Good question. I saw the economic status as causing the alienation to an extent, in the way that industrialization represents a kind of mechanization/automation of human action (like in Modern Times or even La Libertad). His role in the family has been reduced to being the income generator, so he interacts with them in that way.

But you're right, when other people gaze at something out of frame for an extended time, it also seems to be a conditioning. On the one hand, I see that it fits with Alonso's aesthetic of reframing what is filmable (or film-worthy) in terms of creating a sense of real time. But there is also something intrinsically transactional about those moments, like Analía waiting for her dinner order or when Farrel waits for his meals (at the restaurant and later at the village cafe). He is, in a way, dehumanized because he doesn't know how to interact any other way except to get his most basic needs. So in that sense, it is an uncrossable rift because he can't even get to a place of comfortability with respect to securing his basic needs, much less tackle his human needs.

Posted by: acquarello on Nov 20, 2009 12:38 PM | Permalink

I particularly liked the concept of disconnecting Farrel from the movie itself.

What do you think about the title of the film? Do you think Alonso is trying to connect Liverpool with Industrial Revolution?

Posted by: Debanjan on Jan 19, 2010 10:18 AM | Permalink

Oh, definitely. I think Alonso also reinforces that in his job a merchant sailor versus, say, a military sailor if the idea was just to convey that he's alienated because he travels around a lot. His job is to shuttle goods, to keep the wheels of commerce moving.

Speaking of which, that reminds me too that in La Libertad, the shack that the woodcutter stays in had graffiti that said something along the lines of "the migrants" or "the nomads", so even back then he was equating economics with rootlessness and displacement.

Posted by: acquarello on Jan 19, 2010 10:59 AM | Permalink

I should caution that there's spoilers down below (if that matters to you).

I just saw LA LIBERTAD for the first time recently and I was struck by how Alonso's approach to narrative differs so drastically from the three films I've seen (I haven't seen FANTASMA).

LA LIBERTAD has essentially no narrative in the classical sense.

LOS MUERTOS sets up the narrative expectation of quest in which the protagonist will reunite with his daughter, only to thwart those expectations.

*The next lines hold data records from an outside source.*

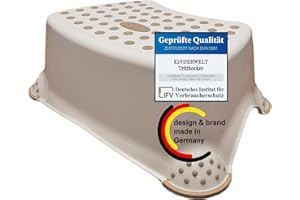 KiNDERWELT Marchepied de qualité supérieure, beige, stable, pour enfants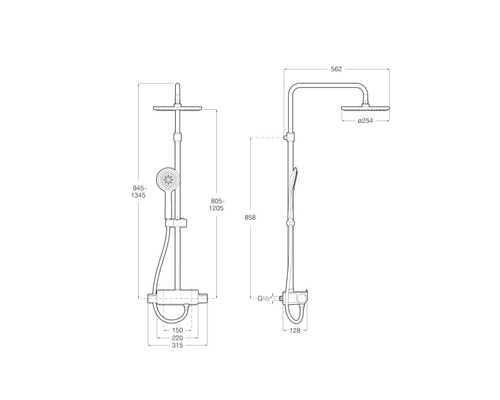 Desen tehnic al unei baterii de duș cu dimensiuni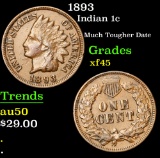 1893 Indian Cent 1c Grades xf+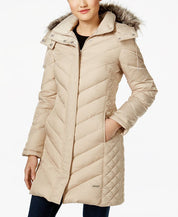 Kenneth Cole Womens Faux-Fur-Trim Hooded Puffer Coat Medium Beige Tan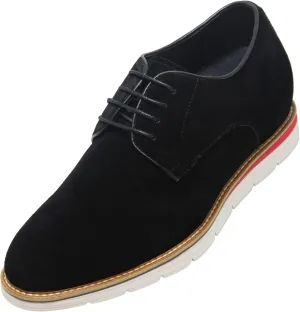 CALTO Men's Invisible Height Increasing Elevator Shoes - Black Nubuck Leather Lace-up Casual Derby - 3.2 Inches Taller - Y4222 - Size 12 D(M) US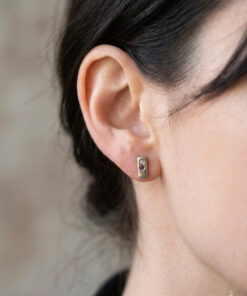 Sterling silver stud earrings with diamond and ruby~38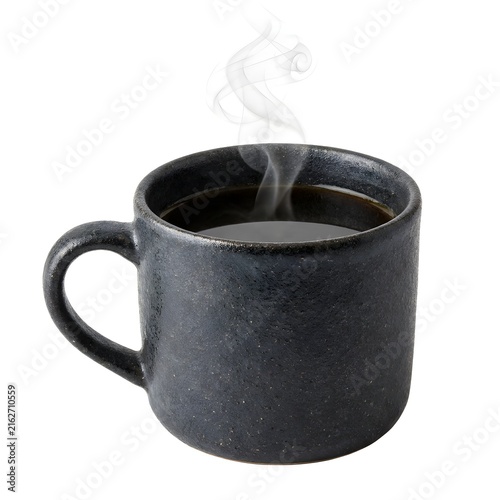 Steaming Black Coffee in a Dark Mug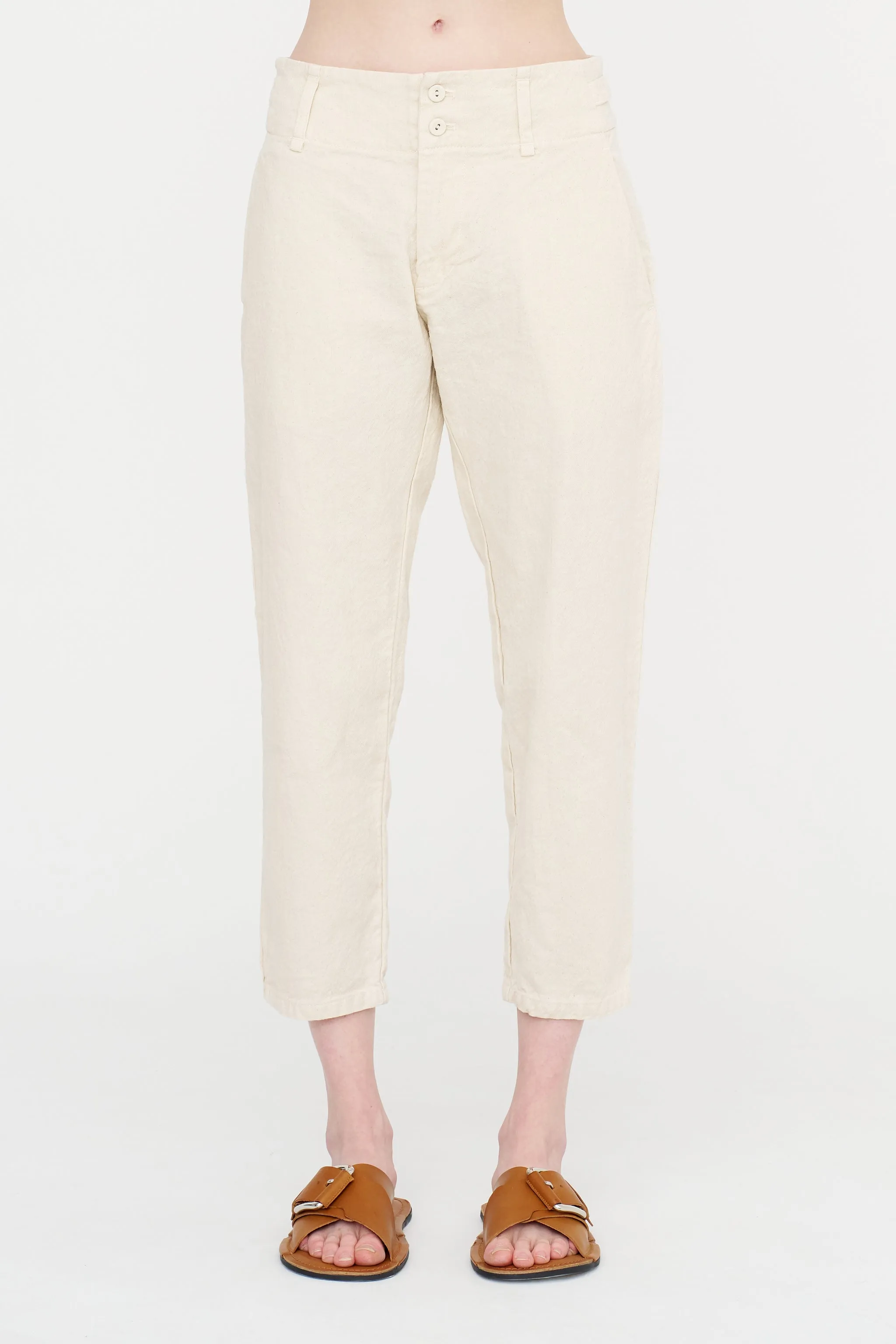 Linen Cotton Soft Twill Pants, Ivory sold by Kick Pleat product image thumbnail 2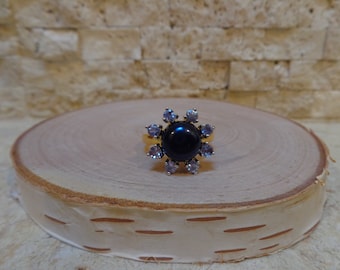 Black Freshwater Pearl and natural Tanzanite set in Sterling Silver and 18K Vermeil, size 6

And in LIVERPOOL, Farrel has a similar quest only it is thwarted in the film much earlier when he learns about his mother's death and then the film continues on and has a quite profound and tragic payoff with his gift to his daughter.

Posted by: sami on Jan 25, 2010 5:02 PM | Permalink

You're right about the subverted expectation in Alonso's films, I think even La Libertad is subverted in the sense that it's a quasi-documentary but doesn't have a postulate like a conventional documentary. I like that he's constantly shifting ideas about what constitutes film narrative.

Posted by: acquarello on Jan 25, 2010 9:05 PM | Permalink

I also find that narrative shifting really fascinating. And I can't think of another contemporary filmmaker who messes with narrative in quite the same, radical way.

Jia's films play with narrative but I think there's a fundamental similarity in all his films, even 24 CITY. I think Weerasethakul is like this too.

I suppose David Lynch or Claire Denis mess with narrative but their experiments are metaphysical inquiries, and Alonso's are strictly materialist.